Awe, who suffered three fractured vertebrae, must have had a phrase from the Boy Scout Oath in mind immediately after the crash, “to help other people at all times.” Re-assuming his role as the Boy Scout troop’s activities adviser during the trip, he began sending texts to a group of parents letting them know they had been in a train wreck.
“I kind of drug myself to the back of the train to get out of the way,” said Awe, adding that a fellow troop leader, Dr. Sanjay Chopra, an ER physician back in Wisconsin, was screaming on the floor.
“He has broken ribs, bruised lungs and possibly a broken wrist.

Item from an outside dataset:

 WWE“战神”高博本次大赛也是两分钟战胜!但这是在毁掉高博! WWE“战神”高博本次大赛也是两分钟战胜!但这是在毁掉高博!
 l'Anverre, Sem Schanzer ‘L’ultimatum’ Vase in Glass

And a woman, I think her name was Aurora, wound up completely in the overhead luggage bin. Another woman – I don’t know her name – was in her 70s; she was moaning. She was hurt pretty bad. There were lots of people who were a lot worse off,” said Awe.

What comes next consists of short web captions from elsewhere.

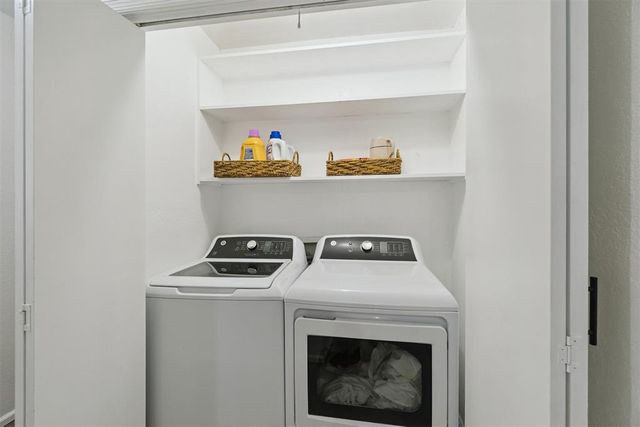 3881 Wild Canary Drive, Choctaw, OK 73020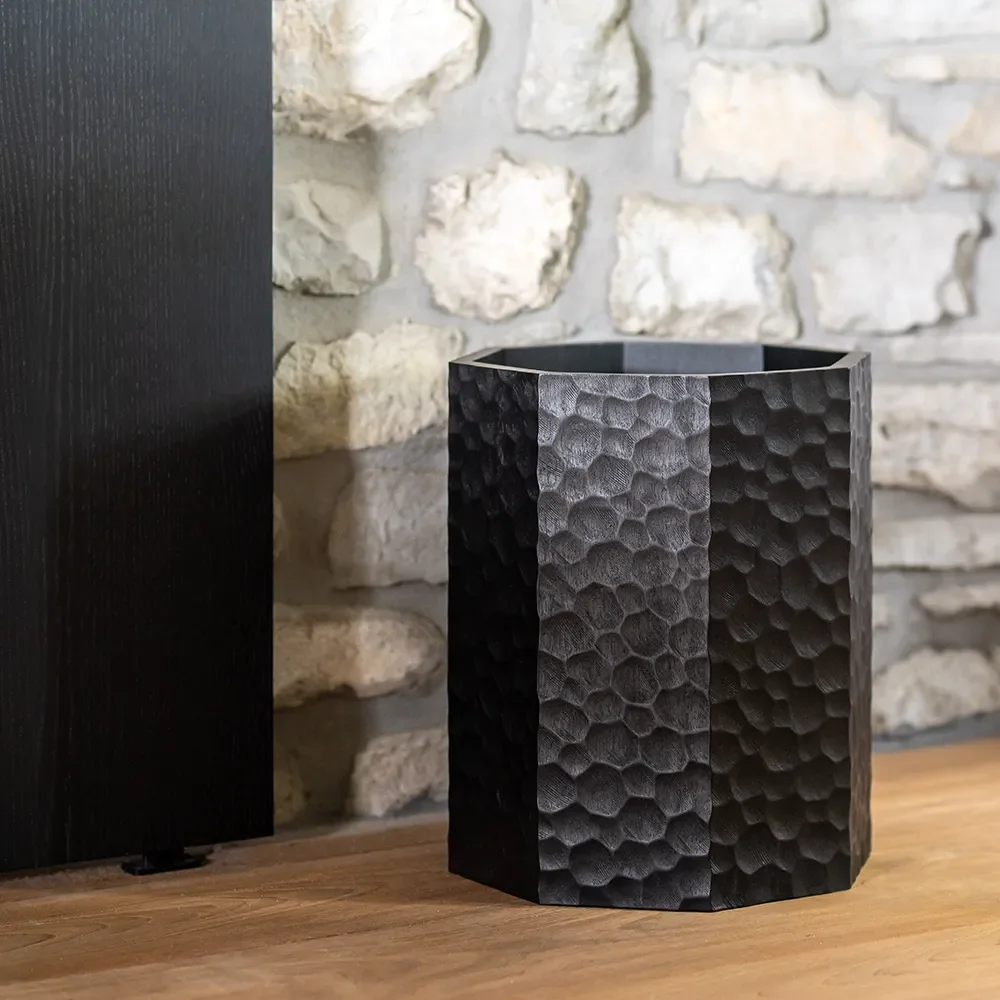 Chopped papirkurv i svartlakkert mahogni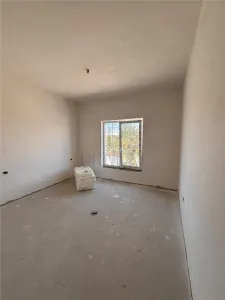 DUPLEX DESPARTIT PRIN GARAJ, MOSNITA NOUA, BUCATARIE INCHISA - foto 12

Awe said after he was carried out of the caboose on a backboard, he was laid across the rails, and he could see more of the Boy Scout troops helping other people. Again, to ensure the parents back in Wisconsin knew their sons were okay, he asked each boy to come to him so he could text their parent or have them call home.

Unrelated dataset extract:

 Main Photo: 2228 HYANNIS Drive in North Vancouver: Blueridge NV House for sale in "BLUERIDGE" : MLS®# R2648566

Luckily, according to Marshall physician Jack Uhrig, M.D., Awe is not expected to experience any paralysis and will likely not require surgery for his injuries. Awe is planning to see a spine specialist upon his return home and was expected to be discharged in a specially fitted back brace.
Uhrig developed a special “Boy Scout bond” with Awe as he was evaluating him after his admission to Fitzgibbon.
“I was trying to obtain some information and get a feel for what had happened. Knowing he had been to Philmont and hiking in the mountains just days before, and now he was in such pain. He’s got something really wrong,” said Uhrig. “Having been a scoutmaster myself, even for a very brief time, and having been to Philmont with my own dad, I can relate.”
After the initial evaluation on Monday night, Uhrig brought some of his own old Boy Scout badges to Awe the next morning and asked him to share them with troop members as recognition of their courage through the ordeal.
“I’m glad you’re doing well,” said Uhrig, smiling as he reached down to shake Awe’s hand.
After suggesting that it appeared Awe seemed to always be helping others – even in the midst of the chaos of the disaster – he again fought back tears.
“I just know what it was like….even for those few minutes….when I didn’t know that my kids were OK. And I just wanted to let all the other parents know,” he said.
Awe was brought to Fitzgibbon Hospital along with another injured passenger in the same ambulance, while his boys were taken with other members of Troop 73 to a school in Columbia until arrangements could be made for their trips home.
As of Tuesday evening, Awe said all members of the Troop 73 were either home or on their way, with the exception of himself and Dr. Chopra. He also wanted to give special thanks to Tonya Ford and Johanna Cox, moms from Troop 6 in Columbia, who provided snacks and drinks for the Wisconsin troop’s journey home.
When asked what he might have learned from the experience, Awe didn’t hesitate to respond.
“Just how amazing people can be. People rise to the challenges…and how compassionate people can be: people here in this area. People were pulling ladders out of their backyards to help get people out of the train. I’m humbled by the compassion and humanity, because you just don’t see enough of that.”
As for Awe, he said the Fitzgibbon doctors and nurses had taken good care of him, and the staff had been very kind and accommodating. He kept repeating that his outcome could have been much worse.
“I’ve got my boys, and we are a bit battered and bruised. But it could’ve been a lot worse,” he repeated.
He added that he could see that his boys and members of the troop had “applied what they learned” as Boy Scouts.
“I know those boys were tired – after backpacking at camp. And you don’t get much sleep on the train. But they did their best to apply what they’d learned and to help others in need,” said Awe. “It was a pretty beautiful thing to see.”